First Ever Black Hole Image Released

Image Source: REUTERS

The scientific community made a giant leap when astronomers released the first-ever image of a black hole recently. The mammoth black hole measures 40 billion km across, is three times the size of the earth, weighs 6.5 billion times the earth, and is larger than the entire solar system.

500 million trillion km away from the earth, the supermassive black hole was found in the Messier 87 galaxy. Over two hundred astronomers around the world took the measurements of the black hole using a network of eight ground-based radio telescopes that are together called the Event Horizon Telescope (EHT). The telescopes were in locations ranging from Chile to Antartica and they collected 5,000 trillion bytes of data. This was subsequently processed through supercomputers after which scientists could retrieve the images.

The image a very bright ring of fire surrounding a circular dark hole. It also shows the event horizon, which is the boundary between light and dark around a black hole. This is the point where gravity becomes so extreme that nothing can escape from it.
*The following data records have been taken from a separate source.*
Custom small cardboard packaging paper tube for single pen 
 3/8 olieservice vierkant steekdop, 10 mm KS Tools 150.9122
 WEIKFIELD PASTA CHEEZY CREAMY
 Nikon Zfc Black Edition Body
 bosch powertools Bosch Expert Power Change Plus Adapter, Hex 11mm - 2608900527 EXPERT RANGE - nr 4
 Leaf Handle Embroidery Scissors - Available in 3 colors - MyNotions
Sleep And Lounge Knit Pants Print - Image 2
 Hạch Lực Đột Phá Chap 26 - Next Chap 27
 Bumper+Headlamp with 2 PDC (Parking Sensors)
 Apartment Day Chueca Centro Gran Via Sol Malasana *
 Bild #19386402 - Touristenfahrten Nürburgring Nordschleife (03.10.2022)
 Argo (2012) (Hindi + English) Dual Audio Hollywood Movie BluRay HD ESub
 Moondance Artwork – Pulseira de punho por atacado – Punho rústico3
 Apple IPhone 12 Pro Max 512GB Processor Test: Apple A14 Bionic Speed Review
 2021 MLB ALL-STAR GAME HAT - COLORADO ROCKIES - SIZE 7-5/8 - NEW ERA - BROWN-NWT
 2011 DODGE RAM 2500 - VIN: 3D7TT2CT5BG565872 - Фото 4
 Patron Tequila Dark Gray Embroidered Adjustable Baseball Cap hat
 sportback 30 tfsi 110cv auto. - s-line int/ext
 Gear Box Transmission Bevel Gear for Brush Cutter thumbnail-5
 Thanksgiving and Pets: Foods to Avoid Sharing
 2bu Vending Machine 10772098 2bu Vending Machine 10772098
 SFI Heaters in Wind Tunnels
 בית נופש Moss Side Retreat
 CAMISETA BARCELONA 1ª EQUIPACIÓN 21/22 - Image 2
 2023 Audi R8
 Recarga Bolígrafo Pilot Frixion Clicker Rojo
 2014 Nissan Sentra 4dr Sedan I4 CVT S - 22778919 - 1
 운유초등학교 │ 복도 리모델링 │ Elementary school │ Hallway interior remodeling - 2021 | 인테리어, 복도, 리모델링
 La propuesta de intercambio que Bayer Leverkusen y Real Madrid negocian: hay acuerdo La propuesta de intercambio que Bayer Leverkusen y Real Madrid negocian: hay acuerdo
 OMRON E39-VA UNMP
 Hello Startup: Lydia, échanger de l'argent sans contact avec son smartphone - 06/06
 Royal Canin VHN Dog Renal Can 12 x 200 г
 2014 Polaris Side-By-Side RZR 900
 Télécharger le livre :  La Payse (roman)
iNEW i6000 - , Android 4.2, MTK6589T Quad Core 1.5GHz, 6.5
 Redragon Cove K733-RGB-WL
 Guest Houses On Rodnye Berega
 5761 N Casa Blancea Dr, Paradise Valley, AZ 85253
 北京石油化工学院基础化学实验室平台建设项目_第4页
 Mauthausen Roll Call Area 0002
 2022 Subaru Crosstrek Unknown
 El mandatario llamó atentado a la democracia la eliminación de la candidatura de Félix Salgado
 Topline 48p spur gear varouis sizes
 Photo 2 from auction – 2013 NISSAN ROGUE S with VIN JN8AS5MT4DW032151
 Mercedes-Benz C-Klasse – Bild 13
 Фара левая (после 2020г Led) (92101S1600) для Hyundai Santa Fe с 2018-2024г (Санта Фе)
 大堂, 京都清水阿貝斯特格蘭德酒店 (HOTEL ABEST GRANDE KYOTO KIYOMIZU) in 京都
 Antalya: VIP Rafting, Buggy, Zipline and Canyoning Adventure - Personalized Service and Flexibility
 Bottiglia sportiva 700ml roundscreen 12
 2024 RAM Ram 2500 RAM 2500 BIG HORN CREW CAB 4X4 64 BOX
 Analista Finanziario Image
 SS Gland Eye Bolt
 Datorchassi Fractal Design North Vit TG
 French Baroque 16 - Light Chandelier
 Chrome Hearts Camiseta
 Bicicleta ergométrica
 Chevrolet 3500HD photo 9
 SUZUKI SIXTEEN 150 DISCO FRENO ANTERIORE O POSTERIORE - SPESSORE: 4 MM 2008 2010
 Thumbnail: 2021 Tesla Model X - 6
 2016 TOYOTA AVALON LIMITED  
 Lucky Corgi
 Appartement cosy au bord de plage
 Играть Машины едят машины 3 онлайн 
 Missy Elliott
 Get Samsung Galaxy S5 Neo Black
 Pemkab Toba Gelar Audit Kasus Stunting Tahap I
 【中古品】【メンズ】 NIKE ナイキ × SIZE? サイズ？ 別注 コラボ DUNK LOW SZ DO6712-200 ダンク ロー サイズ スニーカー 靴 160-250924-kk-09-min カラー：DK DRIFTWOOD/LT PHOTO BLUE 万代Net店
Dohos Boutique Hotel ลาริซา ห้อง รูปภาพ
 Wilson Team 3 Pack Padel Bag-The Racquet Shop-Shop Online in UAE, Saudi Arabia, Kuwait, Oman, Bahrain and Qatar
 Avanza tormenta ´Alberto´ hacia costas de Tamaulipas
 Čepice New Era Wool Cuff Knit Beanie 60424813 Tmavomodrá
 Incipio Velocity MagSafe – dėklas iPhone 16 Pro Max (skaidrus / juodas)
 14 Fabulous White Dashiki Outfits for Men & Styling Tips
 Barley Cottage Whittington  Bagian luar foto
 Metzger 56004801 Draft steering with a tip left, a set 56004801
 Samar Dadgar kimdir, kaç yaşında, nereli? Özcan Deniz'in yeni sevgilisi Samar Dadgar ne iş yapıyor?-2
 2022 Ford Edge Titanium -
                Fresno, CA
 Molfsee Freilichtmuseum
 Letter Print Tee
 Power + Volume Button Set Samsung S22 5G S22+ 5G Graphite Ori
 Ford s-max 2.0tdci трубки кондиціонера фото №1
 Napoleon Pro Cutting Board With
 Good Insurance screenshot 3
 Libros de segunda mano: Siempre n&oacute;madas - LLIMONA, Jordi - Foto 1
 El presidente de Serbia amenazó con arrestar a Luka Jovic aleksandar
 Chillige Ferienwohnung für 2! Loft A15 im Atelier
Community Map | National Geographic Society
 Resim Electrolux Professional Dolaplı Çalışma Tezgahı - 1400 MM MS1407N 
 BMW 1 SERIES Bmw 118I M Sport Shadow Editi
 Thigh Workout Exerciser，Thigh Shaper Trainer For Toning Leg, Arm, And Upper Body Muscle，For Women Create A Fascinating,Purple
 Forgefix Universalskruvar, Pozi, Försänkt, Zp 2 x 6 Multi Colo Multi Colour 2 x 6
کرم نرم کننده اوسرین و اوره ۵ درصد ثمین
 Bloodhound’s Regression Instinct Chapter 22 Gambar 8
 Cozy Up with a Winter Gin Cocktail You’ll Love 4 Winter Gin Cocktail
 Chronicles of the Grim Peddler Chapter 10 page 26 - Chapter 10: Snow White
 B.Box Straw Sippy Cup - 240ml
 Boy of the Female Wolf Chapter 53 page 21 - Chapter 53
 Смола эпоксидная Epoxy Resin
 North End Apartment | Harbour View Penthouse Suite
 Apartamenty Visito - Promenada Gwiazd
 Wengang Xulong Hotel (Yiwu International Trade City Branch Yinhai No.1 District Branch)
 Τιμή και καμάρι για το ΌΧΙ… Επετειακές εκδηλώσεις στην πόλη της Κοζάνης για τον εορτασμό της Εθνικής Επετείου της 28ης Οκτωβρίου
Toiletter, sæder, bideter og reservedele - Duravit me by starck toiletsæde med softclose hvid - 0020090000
Work on this project had commenced over ten years back. Dr Katie Bouman, a computer scientist from MIT, developed the algorithm that helped create the image.

This revolutionary picture is the first visual proof that these enigmatic black holes do exist.

What is a Black Hole?

A black hole is a region in space where the gravitational pull is so high that no matter or radiation can escape. The gravity is high because much matter has been constrained into a tiny space.